18/11/2005
$100 Laptop Unveiled At Tunis Summit
The prototype of a cheap and rugged laptop for children costing
only $100 was unveiled this week by United Nations Secretary-General
Kofi Annan during the World Summit on the Information Society (WSIS)
in Tunis which took place this week. The laptop forms part of the
strategy to deliver to poor communities the benefits of information
technologies and networks.
"
When they start reaching the hands of the world's children, these
robust and versatile machines will enable kids to become more active
in their own learning," Mr. Annan said. "Children will
be able to learn by doing, not just through instruction or rote
memorisation. And they will be able to open a new front in their
education: peer-to-peer learning."
The low-energy green laptops, powered by a windup crank, are the
key to the One Laptop per Child (OLPC) initiative introduced by
Mr. Annan and Professor Nicholas Negroponte of the Massachusetts
Institute of Technology (MIT) Media Lab.
The laptops are to be financed through domestic resources, donors and possibly
other arrangements, at no cost to the recipients themselves. They are to be distributed
through education ministries using established textbook channels, Mr.
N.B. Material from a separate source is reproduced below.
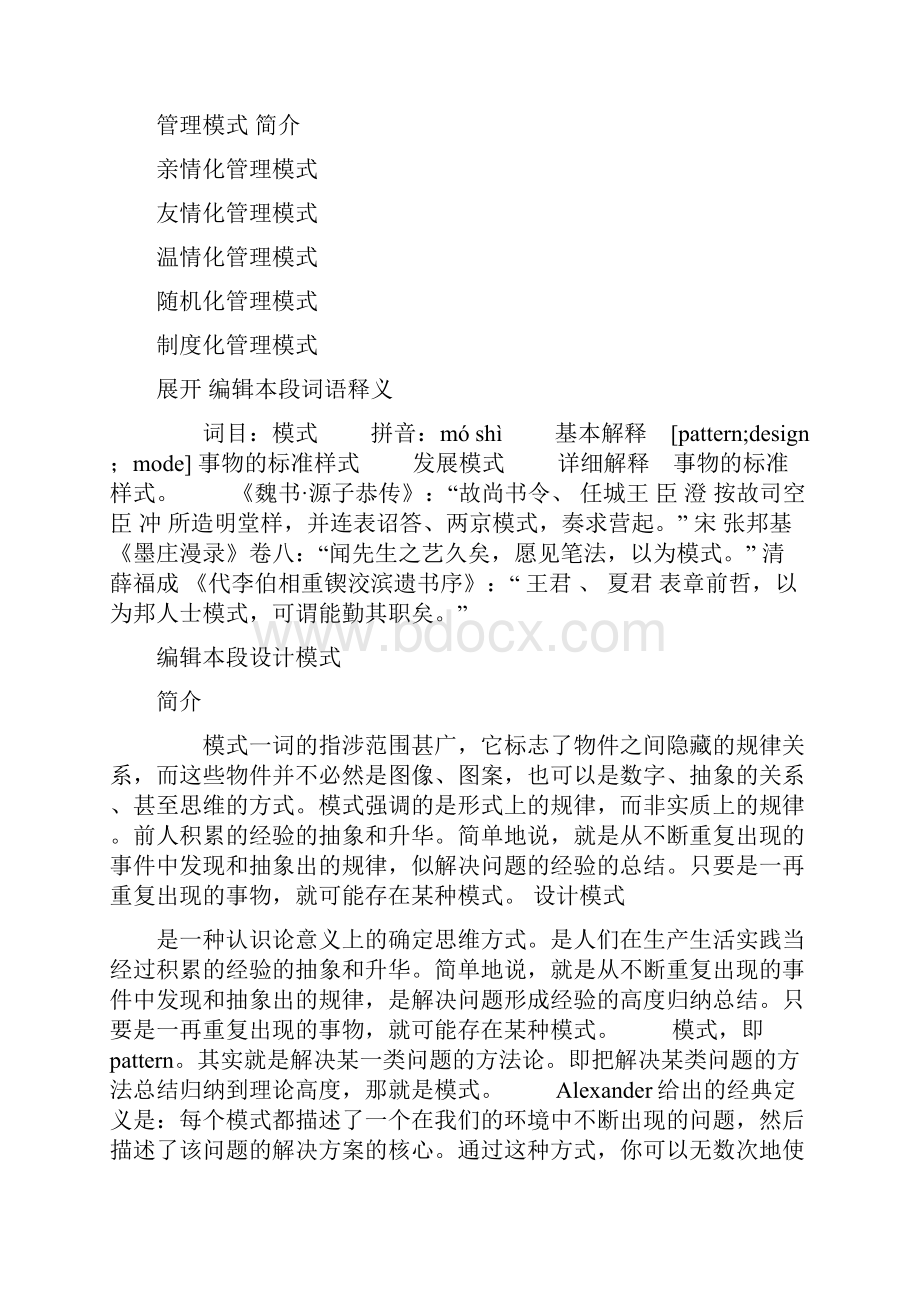 模式与路径区别.docx_第2页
Annan said.
Calling the laptops an "impressive technical achievement," the Secretary-General
said that they were able to do almost everything that larger, more expensive
computers could do, unlocking the "magic with each child, within each scientist,
scholar or plain citizen-in-the-making." He urged governments at WSIS to
incorporate the initiative into their efforts to build an Information Society.